• **PROBLEM DETAILS**: What lines below contain the word "Ultimate"? Please pull each one out.

• **MATERIAL PROVIDED**:

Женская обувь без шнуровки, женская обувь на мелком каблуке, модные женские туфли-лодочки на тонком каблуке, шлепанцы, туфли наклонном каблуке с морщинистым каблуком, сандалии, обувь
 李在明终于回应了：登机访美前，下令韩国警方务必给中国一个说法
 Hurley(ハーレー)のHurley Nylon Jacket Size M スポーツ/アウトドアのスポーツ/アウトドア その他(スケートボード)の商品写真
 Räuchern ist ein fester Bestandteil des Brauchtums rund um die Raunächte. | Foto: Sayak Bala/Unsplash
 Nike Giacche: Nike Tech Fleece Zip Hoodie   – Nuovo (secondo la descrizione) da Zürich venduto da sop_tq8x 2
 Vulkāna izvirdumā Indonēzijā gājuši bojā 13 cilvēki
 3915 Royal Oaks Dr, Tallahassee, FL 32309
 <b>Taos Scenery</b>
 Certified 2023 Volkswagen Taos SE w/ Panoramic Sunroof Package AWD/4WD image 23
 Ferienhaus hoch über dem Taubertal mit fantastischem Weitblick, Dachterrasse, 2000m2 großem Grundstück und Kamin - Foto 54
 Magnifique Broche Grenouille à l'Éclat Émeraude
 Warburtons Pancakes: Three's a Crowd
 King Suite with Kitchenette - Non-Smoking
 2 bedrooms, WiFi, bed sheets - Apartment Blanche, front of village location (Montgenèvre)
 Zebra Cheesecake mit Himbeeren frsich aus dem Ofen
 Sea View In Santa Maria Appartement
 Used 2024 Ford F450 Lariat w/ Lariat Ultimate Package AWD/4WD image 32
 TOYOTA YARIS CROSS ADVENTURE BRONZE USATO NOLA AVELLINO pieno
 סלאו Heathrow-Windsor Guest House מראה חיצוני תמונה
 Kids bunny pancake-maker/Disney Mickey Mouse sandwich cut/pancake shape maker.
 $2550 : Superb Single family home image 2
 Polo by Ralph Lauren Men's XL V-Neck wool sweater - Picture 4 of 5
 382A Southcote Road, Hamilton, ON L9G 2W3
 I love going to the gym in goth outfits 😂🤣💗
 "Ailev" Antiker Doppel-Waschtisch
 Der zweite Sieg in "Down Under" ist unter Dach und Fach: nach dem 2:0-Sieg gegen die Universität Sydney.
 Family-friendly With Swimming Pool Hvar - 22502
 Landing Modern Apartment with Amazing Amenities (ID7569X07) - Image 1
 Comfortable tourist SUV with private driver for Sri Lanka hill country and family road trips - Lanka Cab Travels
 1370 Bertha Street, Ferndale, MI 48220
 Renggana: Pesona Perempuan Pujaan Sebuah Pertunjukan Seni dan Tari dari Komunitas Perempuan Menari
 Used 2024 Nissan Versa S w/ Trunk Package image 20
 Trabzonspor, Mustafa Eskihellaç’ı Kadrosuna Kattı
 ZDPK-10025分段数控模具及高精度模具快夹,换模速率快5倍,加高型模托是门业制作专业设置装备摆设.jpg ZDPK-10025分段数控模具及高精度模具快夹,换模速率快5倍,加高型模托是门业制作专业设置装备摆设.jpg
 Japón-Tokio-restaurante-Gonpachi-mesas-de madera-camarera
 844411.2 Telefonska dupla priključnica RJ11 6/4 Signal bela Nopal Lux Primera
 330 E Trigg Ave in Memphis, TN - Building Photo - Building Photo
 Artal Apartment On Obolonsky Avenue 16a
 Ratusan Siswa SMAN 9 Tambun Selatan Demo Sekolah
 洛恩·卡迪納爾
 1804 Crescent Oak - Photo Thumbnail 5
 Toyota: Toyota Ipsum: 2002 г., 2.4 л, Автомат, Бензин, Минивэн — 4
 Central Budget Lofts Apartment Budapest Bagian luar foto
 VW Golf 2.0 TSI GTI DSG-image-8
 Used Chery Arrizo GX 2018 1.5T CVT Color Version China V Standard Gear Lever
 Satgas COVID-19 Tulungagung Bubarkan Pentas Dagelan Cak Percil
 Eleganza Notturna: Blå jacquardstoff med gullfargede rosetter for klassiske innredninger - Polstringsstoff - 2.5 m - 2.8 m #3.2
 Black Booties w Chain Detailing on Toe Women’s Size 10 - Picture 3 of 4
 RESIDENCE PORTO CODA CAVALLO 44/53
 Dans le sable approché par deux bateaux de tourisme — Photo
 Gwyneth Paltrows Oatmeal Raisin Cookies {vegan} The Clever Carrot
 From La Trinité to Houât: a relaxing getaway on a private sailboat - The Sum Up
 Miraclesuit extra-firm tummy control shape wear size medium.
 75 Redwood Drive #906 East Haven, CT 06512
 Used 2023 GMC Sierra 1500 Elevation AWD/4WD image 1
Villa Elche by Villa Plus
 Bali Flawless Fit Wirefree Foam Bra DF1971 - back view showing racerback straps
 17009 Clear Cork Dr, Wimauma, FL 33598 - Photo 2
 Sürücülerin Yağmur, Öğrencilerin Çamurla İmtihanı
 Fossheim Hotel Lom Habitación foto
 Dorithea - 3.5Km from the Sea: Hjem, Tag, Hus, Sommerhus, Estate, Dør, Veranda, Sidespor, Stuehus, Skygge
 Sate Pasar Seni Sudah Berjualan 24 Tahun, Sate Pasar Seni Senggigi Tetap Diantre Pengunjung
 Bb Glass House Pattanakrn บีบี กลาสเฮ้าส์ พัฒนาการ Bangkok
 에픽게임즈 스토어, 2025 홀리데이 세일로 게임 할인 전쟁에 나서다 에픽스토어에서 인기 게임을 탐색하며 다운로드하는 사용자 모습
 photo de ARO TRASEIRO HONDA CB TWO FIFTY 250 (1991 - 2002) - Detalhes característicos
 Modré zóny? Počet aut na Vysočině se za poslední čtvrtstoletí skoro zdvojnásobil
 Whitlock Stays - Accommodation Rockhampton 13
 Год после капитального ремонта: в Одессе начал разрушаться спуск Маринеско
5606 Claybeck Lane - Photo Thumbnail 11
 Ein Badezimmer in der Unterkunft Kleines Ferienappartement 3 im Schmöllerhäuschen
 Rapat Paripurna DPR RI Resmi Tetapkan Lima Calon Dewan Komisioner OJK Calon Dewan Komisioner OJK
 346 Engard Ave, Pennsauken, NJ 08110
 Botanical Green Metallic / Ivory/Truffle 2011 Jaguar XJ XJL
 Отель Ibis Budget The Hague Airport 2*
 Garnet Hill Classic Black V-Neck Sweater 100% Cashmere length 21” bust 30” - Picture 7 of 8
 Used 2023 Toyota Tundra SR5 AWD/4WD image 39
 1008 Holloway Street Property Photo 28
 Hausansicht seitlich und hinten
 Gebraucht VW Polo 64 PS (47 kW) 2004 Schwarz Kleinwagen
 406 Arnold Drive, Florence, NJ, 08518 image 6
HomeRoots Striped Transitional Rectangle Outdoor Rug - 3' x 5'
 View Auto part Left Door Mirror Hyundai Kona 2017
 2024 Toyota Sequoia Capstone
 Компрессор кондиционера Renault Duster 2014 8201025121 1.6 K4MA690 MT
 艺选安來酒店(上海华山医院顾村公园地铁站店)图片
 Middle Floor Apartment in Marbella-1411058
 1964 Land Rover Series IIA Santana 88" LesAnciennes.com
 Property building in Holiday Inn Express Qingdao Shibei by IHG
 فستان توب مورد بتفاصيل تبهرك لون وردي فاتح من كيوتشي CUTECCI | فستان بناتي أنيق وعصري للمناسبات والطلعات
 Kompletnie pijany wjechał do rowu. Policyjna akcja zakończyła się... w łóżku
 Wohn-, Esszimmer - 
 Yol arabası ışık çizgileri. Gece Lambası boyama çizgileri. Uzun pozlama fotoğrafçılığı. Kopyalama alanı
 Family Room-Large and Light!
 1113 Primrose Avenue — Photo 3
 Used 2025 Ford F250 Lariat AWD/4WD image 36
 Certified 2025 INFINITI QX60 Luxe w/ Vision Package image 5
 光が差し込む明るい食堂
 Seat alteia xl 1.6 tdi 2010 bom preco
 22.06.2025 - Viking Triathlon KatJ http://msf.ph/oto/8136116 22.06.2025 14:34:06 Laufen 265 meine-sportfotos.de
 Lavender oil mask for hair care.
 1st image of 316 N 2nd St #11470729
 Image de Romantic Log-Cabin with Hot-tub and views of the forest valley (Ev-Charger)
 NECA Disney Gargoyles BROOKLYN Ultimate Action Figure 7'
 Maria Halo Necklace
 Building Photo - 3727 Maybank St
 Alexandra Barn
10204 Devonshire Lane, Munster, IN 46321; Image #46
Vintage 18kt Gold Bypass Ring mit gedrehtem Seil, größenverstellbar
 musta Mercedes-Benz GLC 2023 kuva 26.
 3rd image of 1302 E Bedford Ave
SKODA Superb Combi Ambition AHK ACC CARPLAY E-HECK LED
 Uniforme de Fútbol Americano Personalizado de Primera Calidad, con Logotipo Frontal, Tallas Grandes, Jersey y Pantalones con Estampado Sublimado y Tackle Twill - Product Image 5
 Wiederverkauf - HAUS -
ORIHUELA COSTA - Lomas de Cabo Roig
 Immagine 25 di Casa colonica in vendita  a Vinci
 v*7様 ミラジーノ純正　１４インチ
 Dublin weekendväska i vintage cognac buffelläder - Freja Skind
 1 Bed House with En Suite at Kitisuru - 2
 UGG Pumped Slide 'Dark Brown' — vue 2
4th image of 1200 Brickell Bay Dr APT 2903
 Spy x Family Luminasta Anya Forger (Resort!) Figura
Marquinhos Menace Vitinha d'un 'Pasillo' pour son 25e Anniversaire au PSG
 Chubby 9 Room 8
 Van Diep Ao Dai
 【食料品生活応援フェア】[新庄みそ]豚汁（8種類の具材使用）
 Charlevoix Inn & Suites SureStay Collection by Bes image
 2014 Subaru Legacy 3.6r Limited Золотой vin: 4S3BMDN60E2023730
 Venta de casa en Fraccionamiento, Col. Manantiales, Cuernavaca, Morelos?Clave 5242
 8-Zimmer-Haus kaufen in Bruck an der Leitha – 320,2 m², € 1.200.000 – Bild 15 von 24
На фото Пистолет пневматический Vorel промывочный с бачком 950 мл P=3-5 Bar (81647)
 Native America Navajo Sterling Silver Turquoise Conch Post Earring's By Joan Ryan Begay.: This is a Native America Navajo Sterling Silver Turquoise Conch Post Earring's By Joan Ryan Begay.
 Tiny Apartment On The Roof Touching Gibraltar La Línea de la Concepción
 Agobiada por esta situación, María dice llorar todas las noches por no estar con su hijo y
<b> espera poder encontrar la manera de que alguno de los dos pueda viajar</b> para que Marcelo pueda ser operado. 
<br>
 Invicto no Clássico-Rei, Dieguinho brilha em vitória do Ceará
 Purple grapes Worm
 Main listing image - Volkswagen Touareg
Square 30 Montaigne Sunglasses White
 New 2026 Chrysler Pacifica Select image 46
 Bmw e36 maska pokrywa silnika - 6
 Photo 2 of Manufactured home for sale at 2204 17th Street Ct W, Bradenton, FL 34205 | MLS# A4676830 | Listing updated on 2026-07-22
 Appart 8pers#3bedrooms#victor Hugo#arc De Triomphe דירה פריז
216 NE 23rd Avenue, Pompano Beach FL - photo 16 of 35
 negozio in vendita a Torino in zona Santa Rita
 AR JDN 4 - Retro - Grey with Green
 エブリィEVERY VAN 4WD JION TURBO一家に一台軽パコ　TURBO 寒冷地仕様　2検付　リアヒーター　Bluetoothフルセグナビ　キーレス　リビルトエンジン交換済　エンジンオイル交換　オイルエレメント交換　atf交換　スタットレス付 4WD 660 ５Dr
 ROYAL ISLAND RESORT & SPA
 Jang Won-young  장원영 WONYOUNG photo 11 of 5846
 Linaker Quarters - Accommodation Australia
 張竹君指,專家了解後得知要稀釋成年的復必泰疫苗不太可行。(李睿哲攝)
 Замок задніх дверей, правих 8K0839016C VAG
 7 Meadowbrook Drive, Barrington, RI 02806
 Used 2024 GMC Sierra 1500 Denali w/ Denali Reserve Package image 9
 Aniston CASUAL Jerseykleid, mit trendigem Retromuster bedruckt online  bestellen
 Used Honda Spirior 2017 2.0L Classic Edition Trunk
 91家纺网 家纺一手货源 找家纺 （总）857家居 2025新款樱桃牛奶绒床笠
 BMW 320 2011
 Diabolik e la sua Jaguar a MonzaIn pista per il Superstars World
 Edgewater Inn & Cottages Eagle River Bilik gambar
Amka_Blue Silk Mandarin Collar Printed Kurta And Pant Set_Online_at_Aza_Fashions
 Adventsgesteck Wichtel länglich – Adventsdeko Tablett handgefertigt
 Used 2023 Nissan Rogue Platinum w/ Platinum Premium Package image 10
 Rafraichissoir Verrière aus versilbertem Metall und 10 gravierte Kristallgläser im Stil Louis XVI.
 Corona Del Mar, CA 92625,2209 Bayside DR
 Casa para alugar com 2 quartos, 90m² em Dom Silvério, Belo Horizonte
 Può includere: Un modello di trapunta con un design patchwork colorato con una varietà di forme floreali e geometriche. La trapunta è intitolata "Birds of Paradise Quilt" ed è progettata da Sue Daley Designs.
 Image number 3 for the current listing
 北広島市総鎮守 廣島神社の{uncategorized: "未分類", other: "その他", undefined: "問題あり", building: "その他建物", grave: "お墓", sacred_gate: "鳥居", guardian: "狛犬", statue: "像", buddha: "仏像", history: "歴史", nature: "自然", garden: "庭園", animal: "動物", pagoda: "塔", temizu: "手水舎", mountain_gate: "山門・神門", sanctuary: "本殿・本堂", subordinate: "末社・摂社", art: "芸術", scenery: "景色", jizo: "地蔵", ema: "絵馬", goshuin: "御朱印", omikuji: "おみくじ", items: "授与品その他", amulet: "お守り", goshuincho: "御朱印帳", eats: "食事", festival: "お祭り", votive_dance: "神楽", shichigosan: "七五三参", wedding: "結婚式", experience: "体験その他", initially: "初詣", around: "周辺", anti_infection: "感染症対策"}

• **WRITTEN SOLUTION**:
 Used 2024 Ford F450 Lariat w/ Lariat Ultimate Package AWD/4WD image 32
 NECA Disney Gargoyles BROOKLYN Ultimate Action Figure 7'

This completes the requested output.